An area of disturbed weather has formed over the Northwestern Caribbean, in association with the monsoon grye, which is beginning to lift North.
It will push Northwest over the next 2 – 5 days, reaching the Yucatan Peninsula/Southern Gulf of Mexico Sunday or Monday, with a broad area of low pressure expected to form in association with it along the way. And when it reaches the Southern Gulf/Yucatan region, conditions will likely be favorable for at least gradual development.
All of the reliable global model guidance remains in unanimous agreement, forecasting an area of low pressure to form from a monsoon grye in the Northwest Caribbean this weekend; and for it to develop into a tropical cyclone near the Yucatan Peninsula this weekend into early next week.

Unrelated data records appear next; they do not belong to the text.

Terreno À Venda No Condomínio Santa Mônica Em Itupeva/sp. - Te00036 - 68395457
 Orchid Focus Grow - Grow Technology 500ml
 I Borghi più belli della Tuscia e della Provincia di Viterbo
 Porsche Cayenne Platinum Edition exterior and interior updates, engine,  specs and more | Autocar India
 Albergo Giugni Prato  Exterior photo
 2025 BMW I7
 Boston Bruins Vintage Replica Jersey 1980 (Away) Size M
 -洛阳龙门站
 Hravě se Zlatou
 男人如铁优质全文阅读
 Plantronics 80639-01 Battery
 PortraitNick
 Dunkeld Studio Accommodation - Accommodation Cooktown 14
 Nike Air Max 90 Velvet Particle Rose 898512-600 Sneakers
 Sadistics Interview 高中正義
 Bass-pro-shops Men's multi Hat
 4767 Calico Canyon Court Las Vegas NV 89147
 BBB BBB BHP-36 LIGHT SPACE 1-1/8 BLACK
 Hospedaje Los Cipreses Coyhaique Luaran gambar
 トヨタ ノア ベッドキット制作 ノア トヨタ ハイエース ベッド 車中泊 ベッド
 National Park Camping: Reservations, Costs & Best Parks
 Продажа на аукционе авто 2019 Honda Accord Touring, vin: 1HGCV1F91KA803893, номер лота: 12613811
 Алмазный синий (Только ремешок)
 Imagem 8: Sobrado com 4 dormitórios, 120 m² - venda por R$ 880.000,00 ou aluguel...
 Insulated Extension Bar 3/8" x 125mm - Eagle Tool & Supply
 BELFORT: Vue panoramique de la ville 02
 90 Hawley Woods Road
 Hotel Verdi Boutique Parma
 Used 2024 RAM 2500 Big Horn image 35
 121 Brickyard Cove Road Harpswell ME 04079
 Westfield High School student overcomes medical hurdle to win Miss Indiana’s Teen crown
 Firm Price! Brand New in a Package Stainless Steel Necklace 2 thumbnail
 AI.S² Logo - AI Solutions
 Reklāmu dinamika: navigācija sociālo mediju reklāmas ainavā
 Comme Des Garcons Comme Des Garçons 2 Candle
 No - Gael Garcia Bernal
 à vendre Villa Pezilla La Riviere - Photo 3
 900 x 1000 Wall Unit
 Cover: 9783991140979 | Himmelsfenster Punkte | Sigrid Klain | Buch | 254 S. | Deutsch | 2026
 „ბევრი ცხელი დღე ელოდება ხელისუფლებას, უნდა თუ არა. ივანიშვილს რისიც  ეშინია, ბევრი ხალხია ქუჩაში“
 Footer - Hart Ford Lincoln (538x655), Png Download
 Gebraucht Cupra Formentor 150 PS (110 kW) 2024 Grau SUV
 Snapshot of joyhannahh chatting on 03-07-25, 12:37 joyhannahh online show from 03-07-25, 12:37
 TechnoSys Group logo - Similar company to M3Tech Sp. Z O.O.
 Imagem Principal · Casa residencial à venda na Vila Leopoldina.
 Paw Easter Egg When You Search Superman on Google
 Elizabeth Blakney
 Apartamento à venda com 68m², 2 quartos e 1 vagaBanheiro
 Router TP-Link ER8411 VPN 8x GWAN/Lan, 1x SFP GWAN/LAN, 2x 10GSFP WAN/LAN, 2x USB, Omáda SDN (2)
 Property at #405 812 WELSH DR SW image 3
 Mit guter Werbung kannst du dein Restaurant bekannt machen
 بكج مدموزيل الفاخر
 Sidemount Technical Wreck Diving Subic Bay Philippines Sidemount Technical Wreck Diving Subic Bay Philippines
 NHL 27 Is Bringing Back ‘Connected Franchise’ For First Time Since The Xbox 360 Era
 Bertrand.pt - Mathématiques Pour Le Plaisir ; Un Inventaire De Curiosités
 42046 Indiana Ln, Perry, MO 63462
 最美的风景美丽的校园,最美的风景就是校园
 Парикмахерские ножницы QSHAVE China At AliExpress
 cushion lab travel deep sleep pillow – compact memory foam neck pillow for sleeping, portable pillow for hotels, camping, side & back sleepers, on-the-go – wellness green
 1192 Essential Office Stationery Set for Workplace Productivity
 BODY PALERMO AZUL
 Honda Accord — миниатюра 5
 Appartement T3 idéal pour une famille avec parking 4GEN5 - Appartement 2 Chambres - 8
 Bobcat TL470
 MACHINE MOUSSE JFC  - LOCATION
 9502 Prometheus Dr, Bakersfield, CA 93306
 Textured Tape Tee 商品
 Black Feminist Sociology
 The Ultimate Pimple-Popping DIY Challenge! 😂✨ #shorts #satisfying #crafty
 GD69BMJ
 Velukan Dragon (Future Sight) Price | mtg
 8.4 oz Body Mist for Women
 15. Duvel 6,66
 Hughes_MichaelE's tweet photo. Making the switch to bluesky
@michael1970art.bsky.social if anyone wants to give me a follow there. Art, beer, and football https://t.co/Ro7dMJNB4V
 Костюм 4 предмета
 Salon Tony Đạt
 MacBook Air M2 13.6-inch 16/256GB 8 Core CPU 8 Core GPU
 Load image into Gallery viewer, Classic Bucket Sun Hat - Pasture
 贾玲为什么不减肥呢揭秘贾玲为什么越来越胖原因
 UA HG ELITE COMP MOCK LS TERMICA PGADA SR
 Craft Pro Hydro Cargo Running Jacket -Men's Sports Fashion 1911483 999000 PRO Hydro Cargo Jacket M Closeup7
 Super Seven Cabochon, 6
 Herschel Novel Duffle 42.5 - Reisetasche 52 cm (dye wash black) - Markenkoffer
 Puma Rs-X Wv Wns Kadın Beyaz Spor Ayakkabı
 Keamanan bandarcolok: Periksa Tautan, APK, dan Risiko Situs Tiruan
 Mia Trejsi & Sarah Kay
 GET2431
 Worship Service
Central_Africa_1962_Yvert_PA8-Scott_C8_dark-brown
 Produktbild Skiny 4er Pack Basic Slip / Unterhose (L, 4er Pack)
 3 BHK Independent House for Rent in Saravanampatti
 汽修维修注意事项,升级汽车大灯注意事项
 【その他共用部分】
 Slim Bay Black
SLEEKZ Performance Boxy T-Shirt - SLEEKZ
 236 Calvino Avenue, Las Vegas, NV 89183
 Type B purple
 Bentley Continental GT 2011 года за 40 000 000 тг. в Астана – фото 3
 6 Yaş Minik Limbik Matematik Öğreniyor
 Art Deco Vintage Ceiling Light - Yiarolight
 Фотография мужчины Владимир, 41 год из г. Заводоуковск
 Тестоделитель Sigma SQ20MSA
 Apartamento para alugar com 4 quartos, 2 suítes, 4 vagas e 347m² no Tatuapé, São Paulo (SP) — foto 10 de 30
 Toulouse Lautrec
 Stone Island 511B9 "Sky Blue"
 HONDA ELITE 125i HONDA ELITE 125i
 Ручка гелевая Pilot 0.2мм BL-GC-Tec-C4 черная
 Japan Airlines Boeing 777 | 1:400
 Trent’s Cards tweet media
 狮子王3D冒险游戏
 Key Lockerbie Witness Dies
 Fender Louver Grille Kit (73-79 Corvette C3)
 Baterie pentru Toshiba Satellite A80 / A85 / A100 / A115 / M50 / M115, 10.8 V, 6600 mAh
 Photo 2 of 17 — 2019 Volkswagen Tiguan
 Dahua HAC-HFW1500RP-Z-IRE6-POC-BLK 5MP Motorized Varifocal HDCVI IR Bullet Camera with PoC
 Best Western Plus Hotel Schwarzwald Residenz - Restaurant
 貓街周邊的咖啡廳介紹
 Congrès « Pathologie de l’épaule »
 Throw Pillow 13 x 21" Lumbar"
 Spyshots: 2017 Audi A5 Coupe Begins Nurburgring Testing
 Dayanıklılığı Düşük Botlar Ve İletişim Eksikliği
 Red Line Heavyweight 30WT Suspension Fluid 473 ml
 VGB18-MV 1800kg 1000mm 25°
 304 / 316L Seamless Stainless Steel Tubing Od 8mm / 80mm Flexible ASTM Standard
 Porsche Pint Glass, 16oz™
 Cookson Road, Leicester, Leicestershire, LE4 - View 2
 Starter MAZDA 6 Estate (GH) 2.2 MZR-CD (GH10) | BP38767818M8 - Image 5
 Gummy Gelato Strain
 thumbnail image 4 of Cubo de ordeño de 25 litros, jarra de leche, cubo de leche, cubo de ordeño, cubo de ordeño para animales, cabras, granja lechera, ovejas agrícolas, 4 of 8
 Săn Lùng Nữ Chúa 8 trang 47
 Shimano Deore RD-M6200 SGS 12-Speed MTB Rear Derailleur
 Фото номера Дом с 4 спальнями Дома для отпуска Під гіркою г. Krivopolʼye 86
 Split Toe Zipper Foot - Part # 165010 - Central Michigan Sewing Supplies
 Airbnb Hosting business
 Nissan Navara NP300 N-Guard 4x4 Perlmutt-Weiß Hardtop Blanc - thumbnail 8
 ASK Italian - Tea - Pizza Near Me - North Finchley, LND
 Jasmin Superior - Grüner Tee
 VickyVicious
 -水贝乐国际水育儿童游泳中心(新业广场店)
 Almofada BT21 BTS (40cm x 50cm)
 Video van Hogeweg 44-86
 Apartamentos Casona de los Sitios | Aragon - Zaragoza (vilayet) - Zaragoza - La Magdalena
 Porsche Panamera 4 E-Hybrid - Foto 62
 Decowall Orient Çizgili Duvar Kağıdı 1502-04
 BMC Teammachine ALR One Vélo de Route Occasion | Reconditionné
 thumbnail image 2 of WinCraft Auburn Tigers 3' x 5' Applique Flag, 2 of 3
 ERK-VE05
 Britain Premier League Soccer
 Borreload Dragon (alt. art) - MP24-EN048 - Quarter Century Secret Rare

Considering factors we have already discussed, such as climatology, the MJO, and the consistency of the model guidance in forecasting development, we believe that there is a 50/50 chance for tropical development around Yucatan Peninsula this weekend/early next week.
If this system does indeed develop, we believe it will be slow to do so. This is because it will be monsoonal in nature, and will will likely have to deal with some land interaction.
Chance of Development
At this time, we would unofficially place the chance of tropical development around 50 percent.
Officially, the National Hurricane Center places the chance of tropical development at 50% over the next 5 days (we concur with them).
The track of whatever develops (if anything develops) remains highly uncertain at this time. Some models taking it into the West and Central Gulf of Mexico mid to late next week, and others towards the Eastern Gulf of Mexico. We won’t really have a good idea of where this will go until there is a low for the models to initialize on.
NOTE: This is still nothing to be too concerned about yet. While the chances of development occurring are increasing, there is still a large amount of uncertainty. If you live along the West/Central Gulf Coast, this is just something to monitor.